The EU’s increased importance to UK exports over the past year
While much reporting focuses as normal on a widening of the trade deficit, the export figures have for the past year shown some shift in the relative importance of the EU.
Volume figures show an increase in EU exports of 2.6% on the quarter and 6.0% on the year.
This is in contrast with non-EU exports showing a decline of -2.6% on the quarter, and -1.5% on the year.
The chart shows index numbers: over 2012 to 2014 trade was in the doldrums across the board; with some degree of recovery in the world economy, non-EU exports rose considerably faster; since 2015, however, non-EU exports fallen quite abruptly but EU exports have continued to rise. Since 2012 export volume growth to EU countries has been marginally higher than to non-EU countries (i.e. the blue line is above the red line on the most recent reading; NB this is not the same as saying more exports went to EU countries).
Export volumes, 2012=100
In cash terms, as in all the commentary today, the goods deficit for the first quarter at £34.7bn was at a post-crisis high. Over the year this was up by £1.1bn. The table shows how the damage was done by an increase in imports from the EU, but more important was the reduction in exports to non-EU countries (NB here the signs are reversed, so a -ve refers to a higher deficit).
Change in trade flows, 2015Q1 to 2016Q1
It is likely that the improved export position with the EU reflects wider trends, with recent concerns for the global economy more skewed towards non-EU countries. Serious commodity price falls have hit Brazil, Russia and Canada, worries about China continue and perhaps above all US growth has weakened over recent quarters. In contrast – perhaps boosted in part by the ECB’s incredibly vigorous programme of QE and some reduction in the severity of spending cuts – EU growth has picked up a little.
GDP, quarterly growth
The story is also supported by this extract from an Institute of Directors statement on the figures:
Even with the problems in the Eurozone, a majority of exporting IoD members say that the EU is the market in which they have seen the most growth over the past two years.
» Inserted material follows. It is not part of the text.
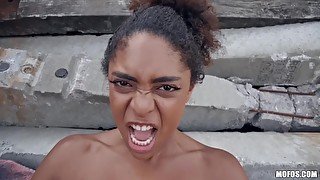 Dark skinned minx Luna Corazon enjoys fucking in public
Now nobody’s getting carried away – the recent EU macro strategy is very far from ideal, even if it is a little less bad. (Statistically, there have been reliability issues on trade figures, and there may still be concerns with deflators.) But the changed balance and perhaps changed global risk profile are a reminder that it is not sensible to assume that non-EU countries will continue to power ahead in the same way that they have in recent years.